▶ _Problem statement_: Please, could you print all the lines below exactly, leaving out the pictures?

▶ _Provided data_:
******

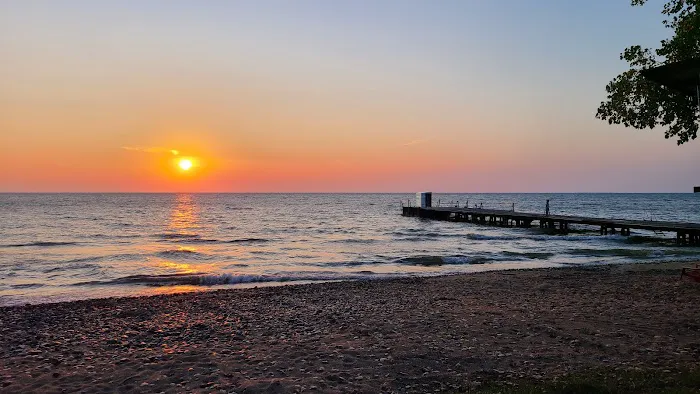 Shady Oaks Campground & RV Park Picture 1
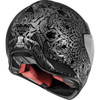 Icon - Domain™ Helmet - Gravitas - Black - 2XL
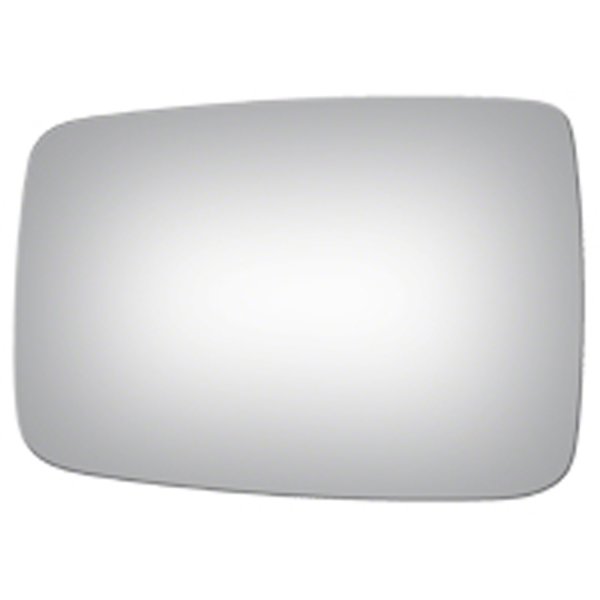 2009 - 2012 Dodge Ram 1500 Performance Mirror Glass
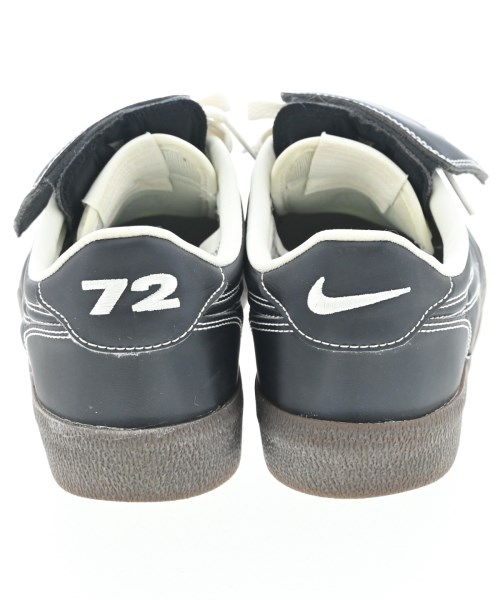 NIKE（ナイキ）スニーカー 黒 サイズ:26.5cm メンズ/2200643021457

******

▶ _Final answer_:
 Shady Oaks Campground & RV Park Picture 1
 Icon - Domain™ Helmet - Gravitas - Black - 2XL
 2009 - 2012 Dodge Ram 1500 Performance Mirror Glass
 NIKE（ナイキ）スニーカー 黒 サイズ:26.5cm メンズ/2200643021457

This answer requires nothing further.